- **Work to complete**: Copy word for word the lines in the records below, starting at the line with "Crystal Double Marquise" and ending at the line with "French Bulldog aurora". Skip the pictures.

Crawled caption data:

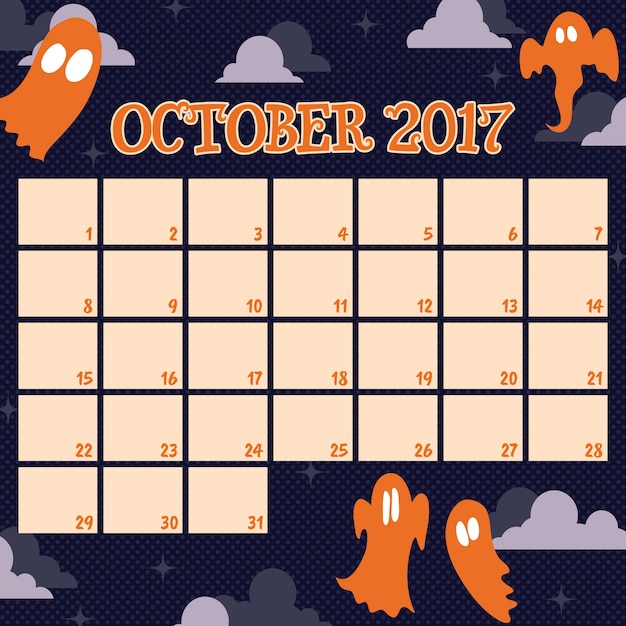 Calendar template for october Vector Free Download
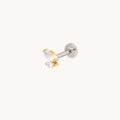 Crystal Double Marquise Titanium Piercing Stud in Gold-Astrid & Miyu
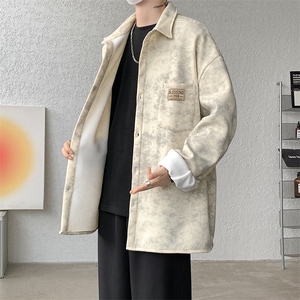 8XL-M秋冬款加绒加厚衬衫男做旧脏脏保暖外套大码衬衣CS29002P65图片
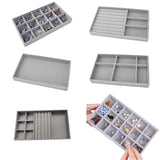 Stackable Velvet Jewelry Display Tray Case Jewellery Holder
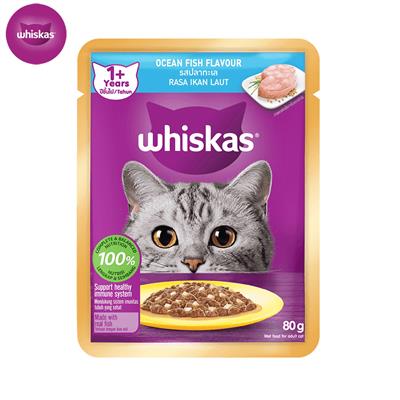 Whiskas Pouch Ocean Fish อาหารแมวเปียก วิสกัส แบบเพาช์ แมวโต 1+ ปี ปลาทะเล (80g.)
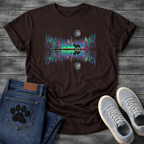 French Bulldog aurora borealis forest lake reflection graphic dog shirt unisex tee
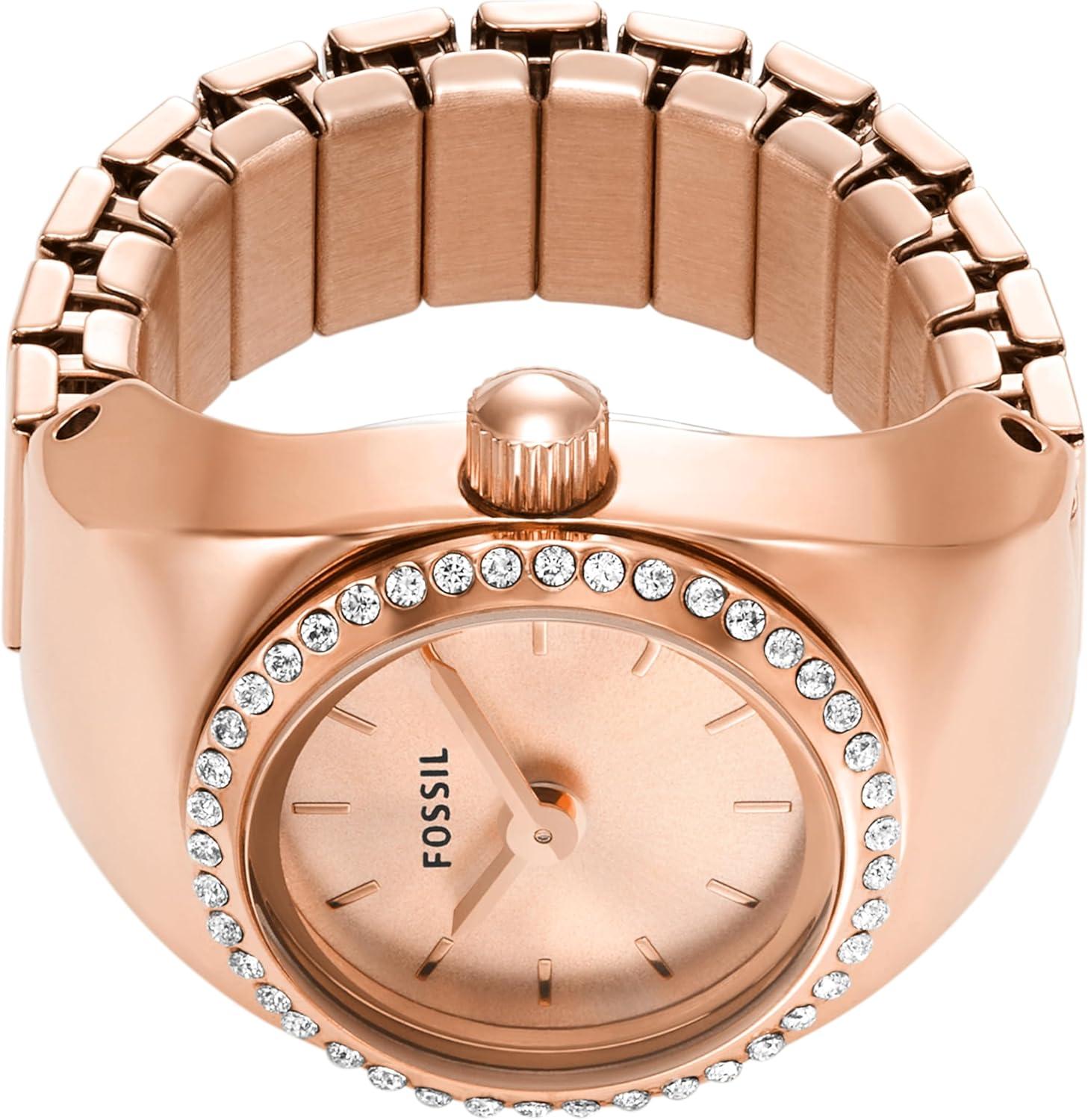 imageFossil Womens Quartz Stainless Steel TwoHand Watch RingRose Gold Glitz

- **Answer section**:
 Crystal Double Marquise Titanium Piercing Stud in Gold-Astrid & Miyu
 8XL-M秋冬款加绒加厚衬衫男做旧脏脏保暖外套大码衬衣CS29002P65图片
 Stackable Velvet Jewelry Display Tray Case Jewellery Holder
 Whiskas Pouch Ocean Fish อาหารแมวเปียก วิสกัส แบบเพาช์ แมวโต 1+ ปี ปลาทะเล (80g.)
 French Bulldog aurora borealis forest lake reflection graphic dog shirt unisex tee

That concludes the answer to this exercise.